#### Listed entries

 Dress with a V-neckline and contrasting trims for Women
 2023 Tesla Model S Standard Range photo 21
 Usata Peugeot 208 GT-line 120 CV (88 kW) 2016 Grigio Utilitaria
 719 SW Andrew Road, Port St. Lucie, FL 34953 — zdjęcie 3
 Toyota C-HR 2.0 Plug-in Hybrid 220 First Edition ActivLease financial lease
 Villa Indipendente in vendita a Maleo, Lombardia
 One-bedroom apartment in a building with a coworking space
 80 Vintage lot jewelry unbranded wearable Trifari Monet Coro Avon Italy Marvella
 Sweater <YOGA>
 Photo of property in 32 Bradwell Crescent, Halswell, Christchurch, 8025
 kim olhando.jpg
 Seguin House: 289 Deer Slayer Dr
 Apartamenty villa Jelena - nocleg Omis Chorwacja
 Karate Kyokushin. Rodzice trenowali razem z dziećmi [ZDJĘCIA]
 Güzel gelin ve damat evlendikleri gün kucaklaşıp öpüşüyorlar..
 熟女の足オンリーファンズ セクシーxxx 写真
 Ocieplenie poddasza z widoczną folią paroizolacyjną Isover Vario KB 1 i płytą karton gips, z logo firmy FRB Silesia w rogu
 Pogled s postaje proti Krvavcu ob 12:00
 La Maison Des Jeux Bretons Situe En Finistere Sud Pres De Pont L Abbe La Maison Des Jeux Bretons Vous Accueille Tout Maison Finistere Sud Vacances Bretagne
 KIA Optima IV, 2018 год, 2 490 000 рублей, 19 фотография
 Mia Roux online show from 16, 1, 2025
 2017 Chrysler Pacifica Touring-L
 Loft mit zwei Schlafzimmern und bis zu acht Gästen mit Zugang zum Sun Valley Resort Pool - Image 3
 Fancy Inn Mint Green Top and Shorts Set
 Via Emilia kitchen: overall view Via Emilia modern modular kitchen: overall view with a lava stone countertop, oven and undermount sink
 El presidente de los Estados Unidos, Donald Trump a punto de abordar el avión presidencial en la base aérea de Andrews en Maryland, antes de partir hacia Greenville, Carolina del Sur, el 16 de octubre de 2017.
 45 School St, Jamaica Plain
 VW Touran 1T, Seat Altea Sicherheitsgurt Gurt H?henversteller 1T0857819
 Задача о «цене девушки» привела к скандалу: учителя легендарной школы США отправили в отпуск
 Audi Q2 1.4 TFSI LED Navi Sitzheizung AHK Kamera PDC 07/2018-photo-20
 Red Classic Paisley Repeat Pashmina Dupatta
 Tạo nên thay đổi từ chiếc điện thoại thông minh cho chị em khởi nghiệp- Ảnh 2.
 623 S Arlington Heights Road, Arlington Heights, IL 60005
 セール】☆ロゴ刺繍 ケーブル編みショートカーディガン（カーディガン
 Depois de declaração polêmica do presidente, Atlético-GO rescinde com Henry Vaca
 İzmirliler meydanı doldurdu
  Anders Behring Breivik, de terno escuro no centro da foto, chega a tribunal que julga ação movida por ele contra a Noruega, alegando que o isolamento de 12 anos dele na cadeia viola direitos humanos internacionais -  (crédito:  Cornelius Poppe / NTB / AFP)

########

For every line in the data above that holds "presidente", return the line itself.

- [Expected answer]:
 El presidente de los Estados Unidos, Donald Trump a punto de abordar el avión presidencial en la base aérea de Andrews en Maryland, antes de partir hacia Greenville, Carolina del Sur, el 16 de octubre de 2017.
 Depois de declaração polêmica do presidente, Atlético-GO rescinde com Henry Vaca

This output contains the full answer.